3. Try a different coffee from another Vendor (different bean type), you don't say what beans they are, some beans are quite finicky on grind, requiring a very fine grind, which can prove problematic for inexperienced people/cheaper grinders.


----------



## The Asgard

Great thread guys and in the same situation. Leaving the portafilter in the group to warm up with the machine is a good tip.


----------



## Lilybell2

Obnic said:


> this will almost certainly be because you are not yet building your puck evenly and the same each time. It's the art of distribution and everyone has to learn it.
> 
> First, use the same weight of coffee each time. Don't trust the grinder to get it right. You'll need a scale accurate to 0.1g.
> 
> Second, distribute the coffee *evenly* across the whole of the portafilter bed. Search 'WDT' this may help. Put simply you use a straightened paperclip taped to a lolly stick to stir the grounds until your uncompressed bed is the same depth and density at every point in the portafilter.
> 
> Third, *tamp evenly*. If your tamp is tilted then your puck will be denser on one side than the other. Put your fingers on the edge of the tamper so you can feel the sides of the portafilter as you tamp. Like Boots, I grind fine but tamp light rather than lean on the tamper. I find this leads to less puck damage.
> 
> If you perfect your puck building, water will move through every part at the same speed. You will get an even extraction. If you master doing it the same way every time you will be able to set your shot time with your grinder or dose.
> 
> This is a zen meditation but well worth the effort.
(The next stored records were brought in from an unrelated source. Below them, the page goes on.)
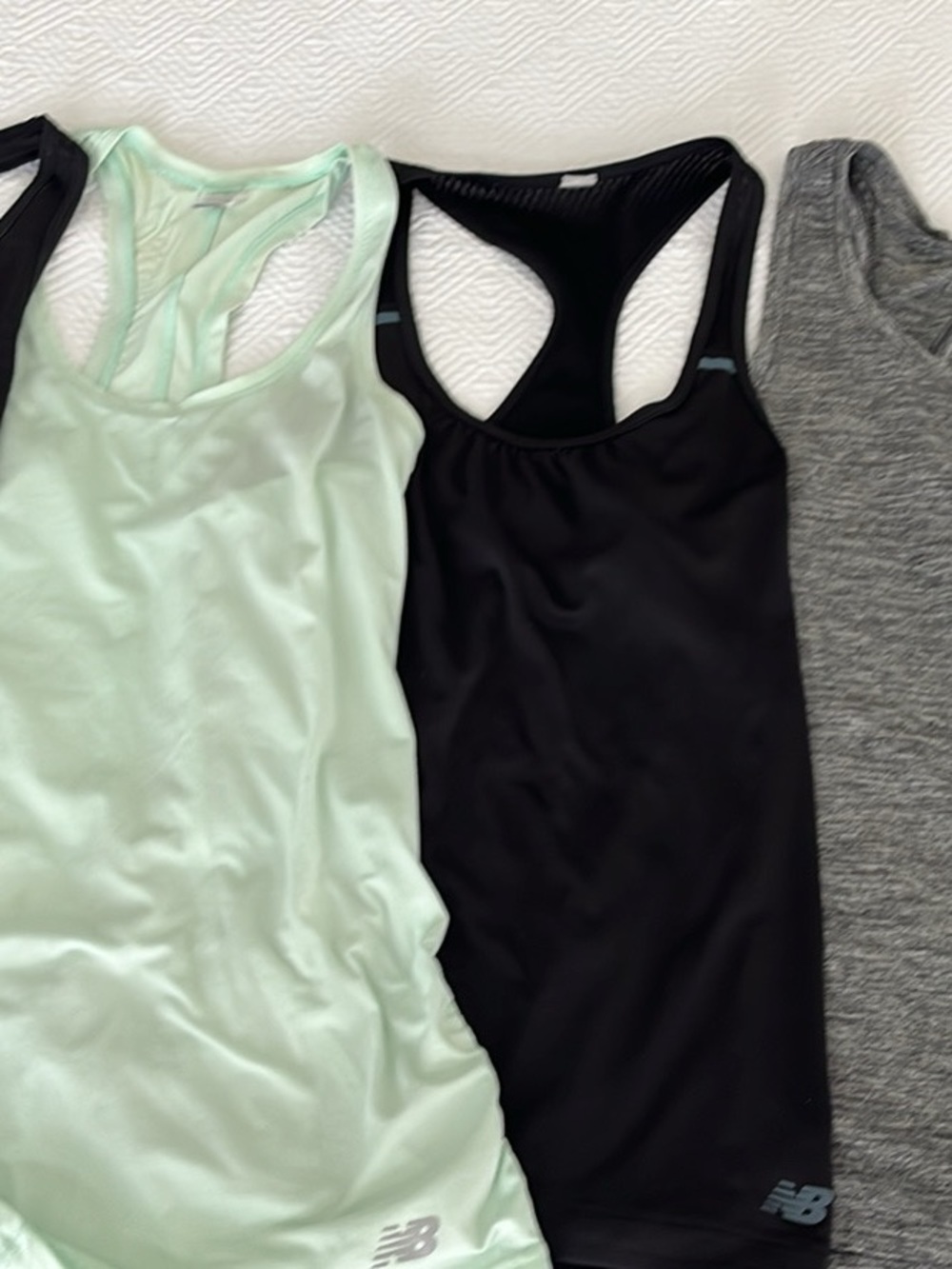 New Balance Racerback Tank Tops in Mint, Black, and Heather Gray, Light Blue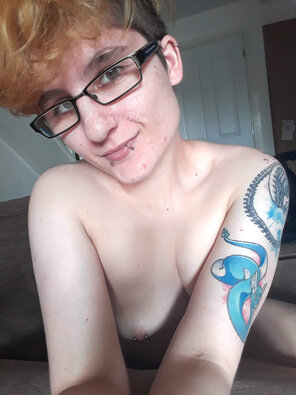 amateur photo Glasses, tattoos, and a sneaky piercing...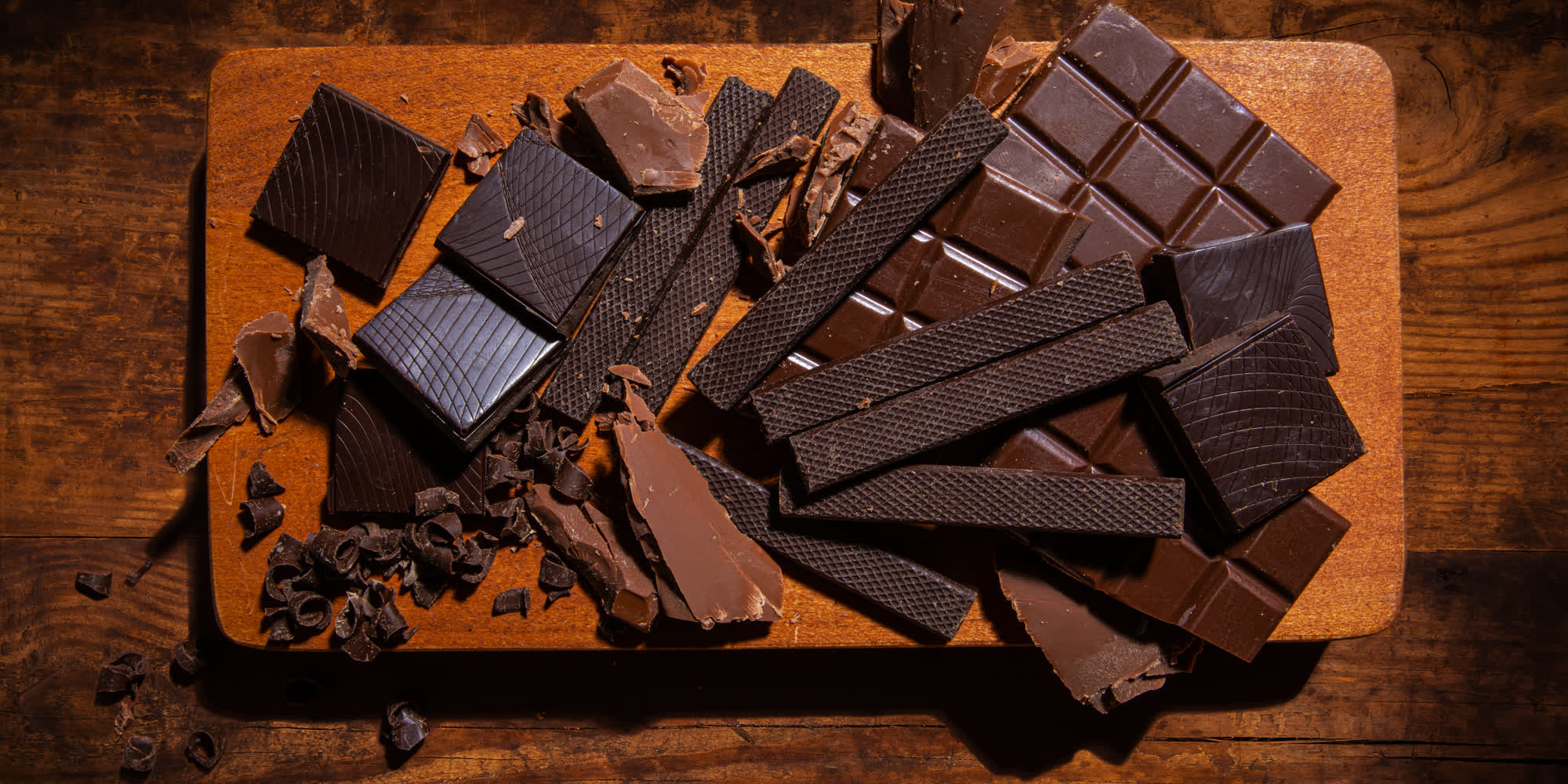 Broken dark chocolate bars and cacao nibs arranged on a wooden board
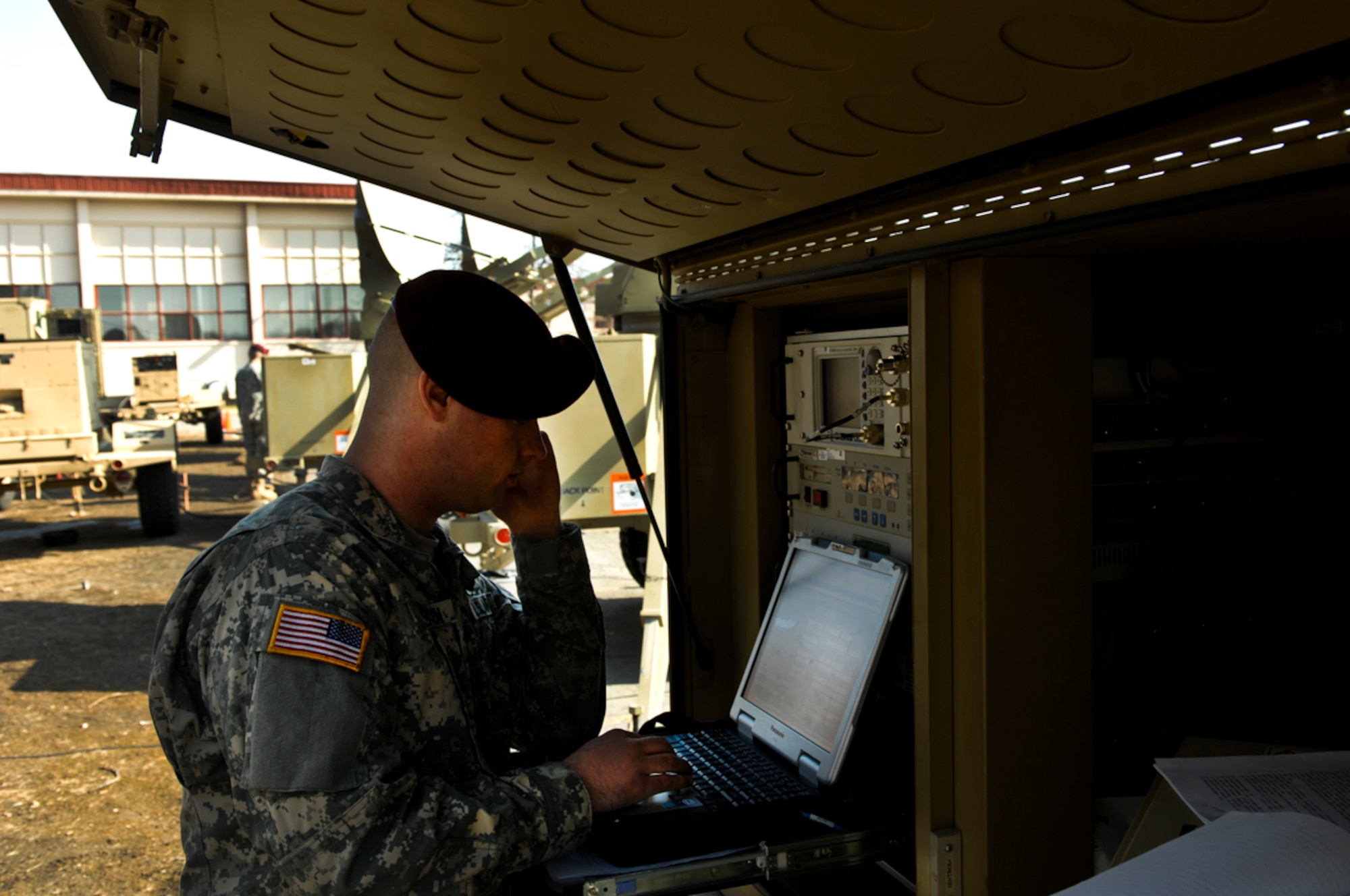 JOINT BASE ELMENDORF-RICHARDSON, Alaska --Spc. Paul Bracken, 4th Brigade Combat Team (Airborne), 25th Infantry Division, talks to a technician from Fort Gordon, Ga., to work out a bug in the system during a digital exercise, April 18. Signal Soldiers participated in a two week DIGEX where they established and maintained a live network in preparation for upcoming field training exercises and to maintain deployment readiness. (Photo by Airman 1st Class Jack Sanders/JBER PA)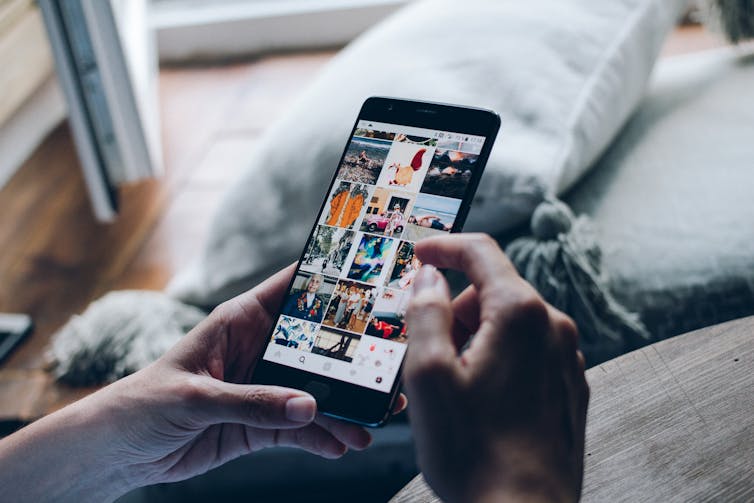 Woman's hands holding a smart phone with Instagram images.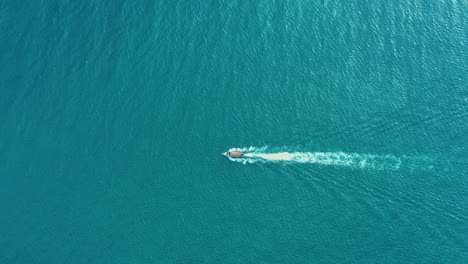 Aerial-view-of-Long-Tail-Boats-floating-on-crystal-water-along-the-sand-beach-in-Thailand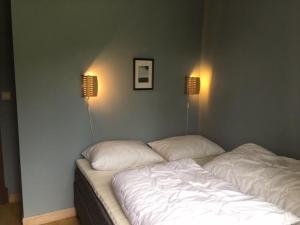un letto in una camera con due lampade a muro di Flat in Trysil Ski in ski out and sauna a Trysil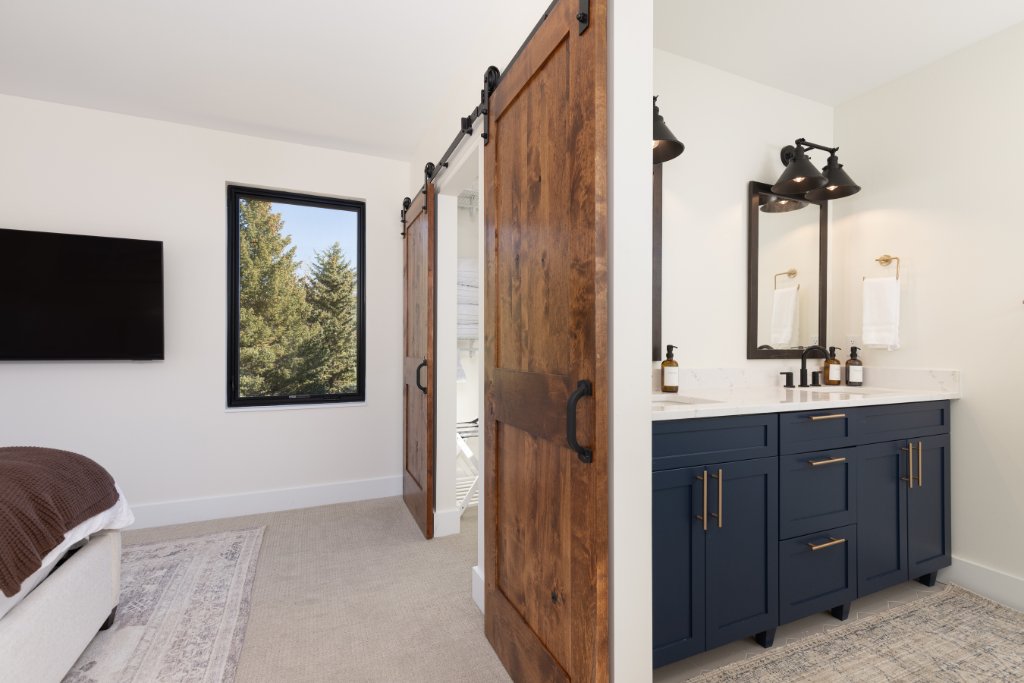 Bathroom 1 — double vanity with barn door entry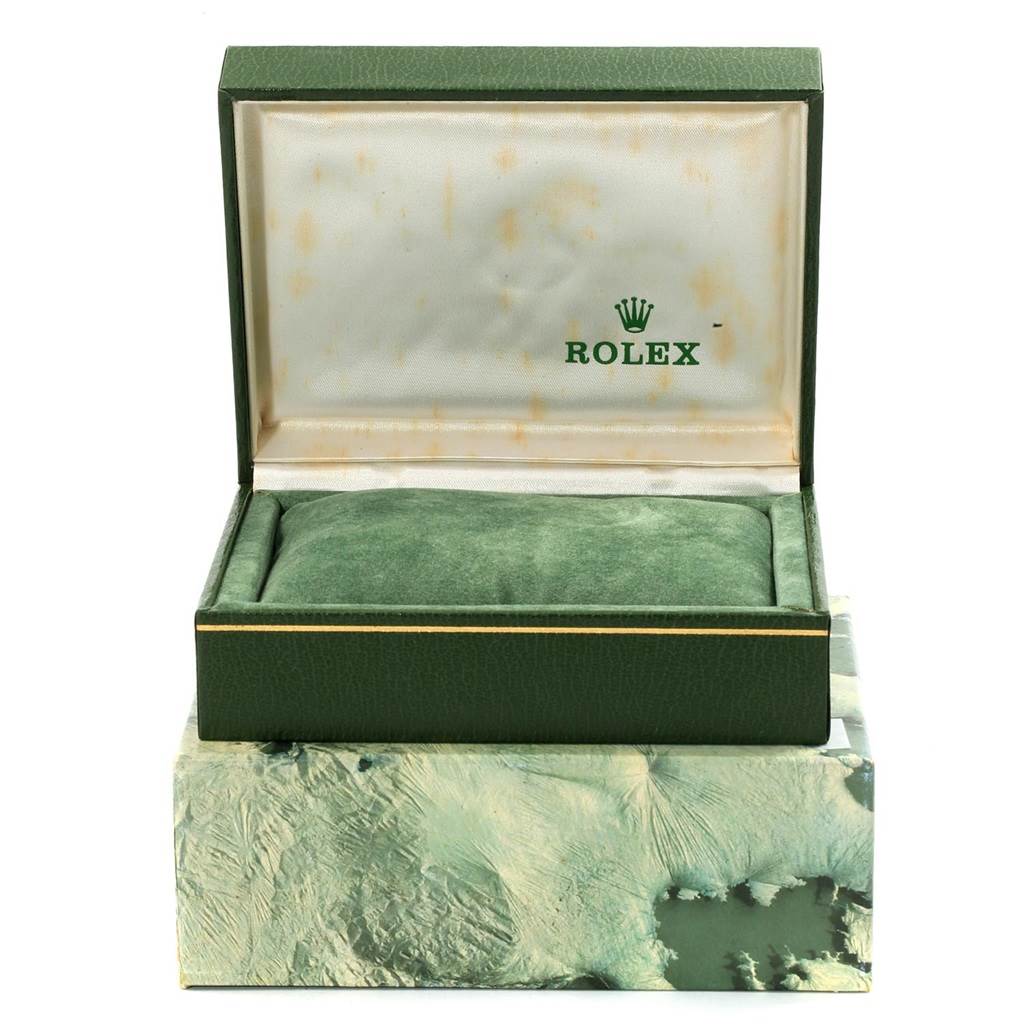 The image shows an open green Rolex box for an Air-King model, viewed from the front, with a cushion inside for the watch.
This is excellent all-around advice. You absolutely must have decent scales. If you're not weighing dose in/espresso out, it's unlikely you'll ever achieve consistency in your shots. Proper distribution is a must, as is good level tamping.... both are important but neither can substitute for weighing of dose and output, nor is that the intention.


----------



## MediumRoastSteam

Also make sure that, between adjusting the grind, you purge some grinds, otherwise you'll end up with grinds at different coarseness in the basket.


----------